▸ **Task to complete**:
Copy out the data word for word. The images are not part of the copy.

▸ **Material provided**:
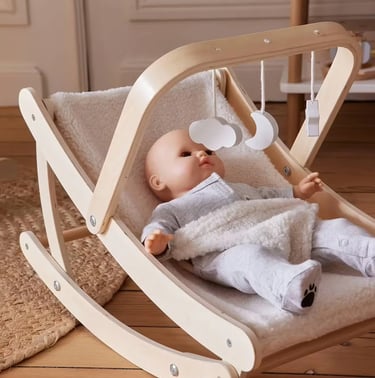 transat en bois pour poupon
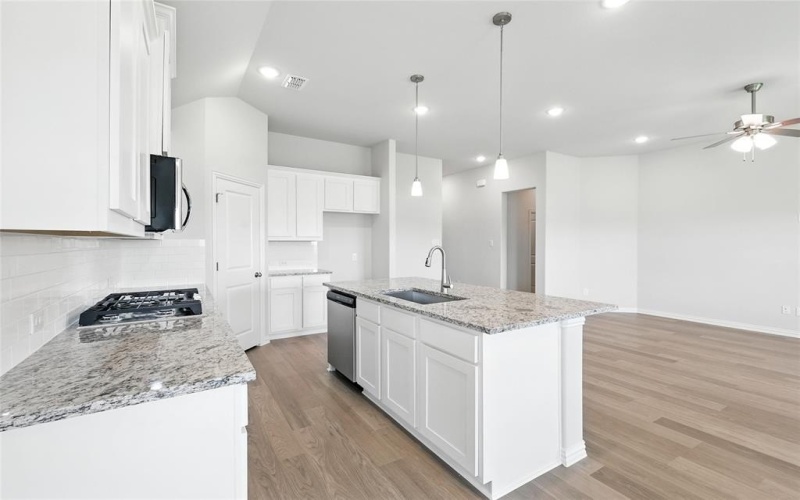 2208 Ridgecrest Lane, Sherman, TX 75092, 3 Bedrooms Bedrooms, ,2 BathroomsBathrooms,Residential,For Sale,2208 Ridgecrest Lane,20782245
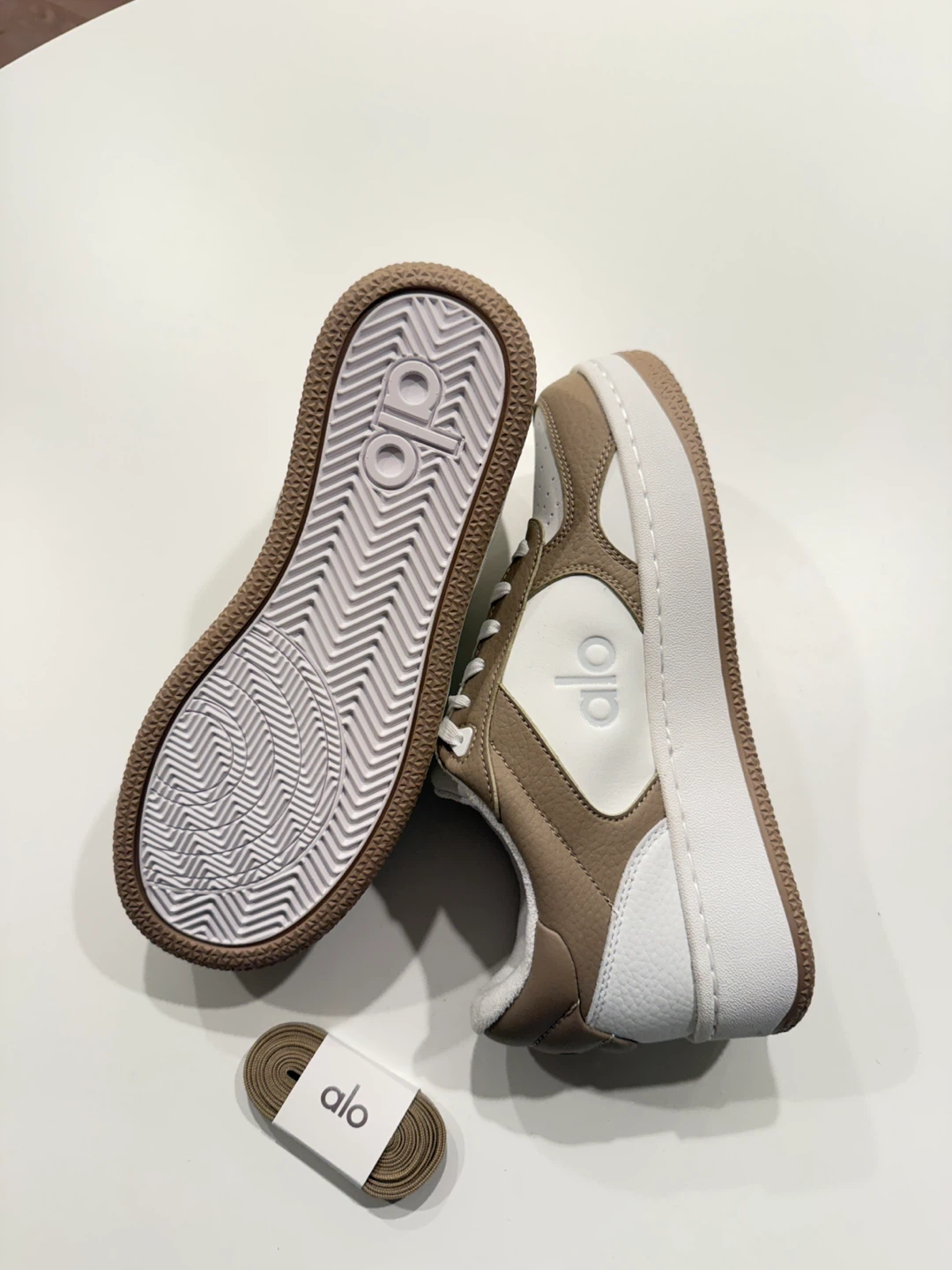 ALO Yoga Sneakers - Brown & White - photo 4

▸ **Result of this exercise**:
 transat en bois pour poupon
 2208 Ridgecrest Lane, Sherman, TX 75092, 3 Bedrooms Bedrooms, ,2 BathroomsBathrooms,Residential,For Sale,2208 Ridgecrest Lane,20782245
 ALO Yoga Sneakers - Brown & White - photo 4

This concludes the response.